Misleading and contradictory 

We found UKCP’s statement to be misleading and contradictory in several ways. First, we are concerned that by leading with a reference to the interim Cass Review and its implications for UKCP members, and then continuing to reference medical interventions for children and young people, it replicates a hyperfocus on trans children and young people which excludes their voices whilst contributing to public hysteria. Furthermore, therapists who are not informed about the Cass Review and its specific emphasis on children and young people may, having read UKCP’s statement, now take this as direction to hold a particular stance in relation to providing psychotherapeutic support to adult clients. 

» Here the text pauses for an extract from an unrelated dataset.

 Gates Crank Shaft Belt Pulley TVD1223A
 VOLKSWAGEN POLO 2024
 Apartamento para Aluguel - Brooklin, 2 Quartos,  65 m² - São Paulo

Secondly, we find that overall UKCP’s statement conflates working psychotherapeutically with being directly involved in any medical care trans clients may wish to consider and access. Psychotherapists and psychotherapeutic counsellors are not medical professionals. Outside of specific Gender Identity Clinics, therapists are not involved in any decision-making about gender-affirming medical care. This is the case regardless of whether we find ourselves supporting children, young people, or adults. This continues to be the case even if a client self-defines as experiencing gender dysphoria (in whatever language they may use), has a medical diagnosis of gender dysphoria, or may be seeking a gender dysphoria diagnosis for any number of reasons.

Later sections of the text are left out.